If you’ve ever been on the Internet, you will have hit a point where you’re stuck with insufficient speed. It’s a fact of life, whether you’re streaming 4K video or just checking your emails that at some point you’ll be stuck with a spinning wheel, slowly increasing status bar or percentage count indicating just how slow your connection is ambling along.
Plans sold on the National Broadband Network, the Australia-spanning multi-technology network that’s intended to encompass every Australian by 2020 are sold at different speed tiers. There’s some complexity to the model depending on the connection type and the whims of individual ISPs, but typically you’ll be offered plans at 12/1, 25/5, 50/20 or 100/40 Mbps, where the first number represents maximum download speed and the second maximum upload speed.
NBN itself has somewhat shied away from presenting those numbers in recent years thanks to that shift to a multi-modal delivery model, because it’s much harder in technology terms to guarantee those speeds on some connection types and in some circumstances.
That makes it tough to work out relative value on broadband plans, especially as it’s not just a matter of hooking up a different speed pipe. Indeed, as consumers we don’t really deal with NBN (the company building the network) at all. Instead you buy access through a traditional internet service provider, who itself is a wholesale customer of NBN. The quantity of access it purchases can have a distinct effect on the real world speeds its customers enjoy.
A quick reminder is needed here, as the NBN connection, once it lands at your premises, isn’t an optional matter if you want a fixed line broadband or telephone service, outside a very few small building locations where third party, NBN-like services exist. Equally, you don’t get a choice when it comes to the connection technology used to hook you up, with quality notably higher in principle for full-fibre customers and lower for those on fibre to the node connections.
The ACCC recently announced that it will commence monitoring real world NBN connections in order to report directly to consumers relating to the actual speeds achieved through different providers. It’s largely an NBN-only play, so if you’re on, say, ADSL they won’t be monitoring what you get, although some NBN-like providers will also be monitored to provide comparative performance figures. The scheme will run over four years at a projected cost of 7 million dollars.
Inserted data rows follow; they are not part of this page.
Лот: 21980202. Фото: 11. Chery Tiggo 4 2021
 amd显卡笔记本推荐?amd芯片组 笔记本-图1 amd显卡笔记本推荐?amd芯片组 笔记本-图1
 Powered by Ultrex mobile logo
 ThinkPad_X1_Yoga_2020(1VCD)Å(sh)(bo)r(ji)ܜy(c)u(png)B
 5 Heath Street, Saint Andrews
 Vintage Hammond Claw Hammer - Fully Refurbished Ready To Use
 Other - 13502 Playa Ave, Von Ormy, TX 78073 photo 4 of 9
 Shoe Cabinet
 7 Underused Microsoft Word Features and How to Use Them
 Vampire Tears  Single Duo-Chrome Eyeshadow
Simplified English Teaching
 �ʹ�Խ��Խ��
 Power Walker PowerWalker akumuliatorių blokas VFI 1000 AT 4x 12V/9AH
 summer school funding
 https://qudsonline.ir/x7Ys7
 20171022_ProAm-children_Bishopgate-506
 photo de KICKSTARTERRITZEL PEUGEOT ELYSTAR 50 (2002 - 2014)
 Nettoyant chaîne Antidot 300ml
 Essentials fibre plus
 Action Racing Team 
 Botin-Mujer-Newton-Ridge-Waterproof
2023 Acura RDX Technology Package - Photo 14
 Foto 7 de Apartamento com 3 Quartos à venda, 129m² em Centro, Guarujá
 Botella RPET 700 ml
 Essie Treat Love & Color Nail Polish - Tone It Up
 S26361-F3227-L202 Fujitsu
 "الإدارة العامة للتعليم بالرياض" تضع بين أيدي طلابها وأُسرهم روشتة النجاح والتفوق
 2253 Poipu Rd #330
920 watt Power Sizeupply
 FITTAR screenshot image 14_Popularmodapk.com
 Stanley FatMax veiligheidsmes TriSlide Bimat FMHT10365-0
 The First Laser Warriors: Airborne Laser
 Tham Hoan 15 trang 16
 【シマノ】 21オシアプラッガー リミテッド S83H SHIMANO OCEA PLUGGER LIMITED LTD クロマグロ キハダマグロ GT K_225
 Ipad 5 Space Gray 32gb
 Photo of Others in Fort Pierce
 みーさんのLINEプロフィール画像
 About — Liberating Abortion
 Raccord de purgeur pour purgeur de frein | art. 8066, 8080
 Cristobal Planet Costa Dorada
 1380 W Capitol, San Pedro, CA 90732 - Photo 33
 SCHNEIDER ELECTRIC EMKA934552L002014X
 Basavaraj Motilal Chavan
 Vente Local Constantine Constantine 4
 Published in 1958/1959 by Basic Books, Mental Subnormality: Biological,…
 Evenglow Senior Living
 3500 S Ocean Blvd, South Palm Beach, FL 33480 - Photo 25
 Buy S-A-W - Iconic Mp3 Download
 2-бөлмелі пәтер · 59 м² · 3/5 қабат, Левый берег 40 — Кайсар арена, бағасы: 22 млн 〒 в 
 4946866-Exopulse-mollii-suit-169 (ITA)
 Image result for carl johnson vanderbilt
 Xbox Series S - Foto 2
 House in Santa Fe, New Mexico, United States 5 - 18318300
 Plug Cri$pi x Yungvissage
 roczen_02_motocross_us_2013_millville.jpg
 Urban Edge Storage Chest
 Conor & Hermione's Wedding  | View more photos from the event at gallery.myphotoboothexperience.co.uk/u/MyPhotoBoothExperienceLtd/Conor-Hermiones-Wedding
I’m interested to see what the ACCC’s figures show, because measuring internet access performance is a very complex topic indeed. Just off the top of my head you’ve got the quality of connection from device to your router, whether wired or wireless. Then the connection from your premises to an exchange, with wide variability depending on the NBN technology of choice, condition of cables, length of copper and overall network stress. Then there’s the question of the capacity available to the ISP and how well it can manage that load. Even then you’re not done, because you have to then ping your signal (whatever it is, whether you’re asking for a Netflix show to download, checking your emails or reading a web site) to the server that hosts that material, which may well be overseas. That’s another set of routing cables and exchanges before it reaches the server… which may well be overloaded anyway.
If you’ve ever tried to hit a popular web store during a large sales event you’d be aware of some of the potential pitfalls there. Naturally times of day can also affect the speeds you get, with evenings a particular peak, and any school holiday usually worse because of the larger mass of school-age kids who suddenly do have the time to be online all day.
The ACCC’s figures will be one metric, but they’re far from your only option when it comes to sorting out the kind of connection quality you’re getting. At an individual level web based utilities such as speedtest.net can be used to give you an idea of peak speeds. That’s nice to know as and when you can get it, but if you’re pondering an ISP switch, especially with the NBN imminent, the ACCC’s figures could be a better recommendation tool.
Netflix provides its own Netflix speed index (netflix.com/country/australia/) based on averaged of prime time connection speeds from an aggregate of devices, and ranked both by country and ISP. The figures right now are low — the top ISP for all of February in Australia measured in at an average speed of just 3.52Mbps — but that may trend upwards as NBN connections proliferate. At least, we should hope that they would if ISPs are going to anywhere near meet both the claims made for connections and Australia’s growing appetite for broadband.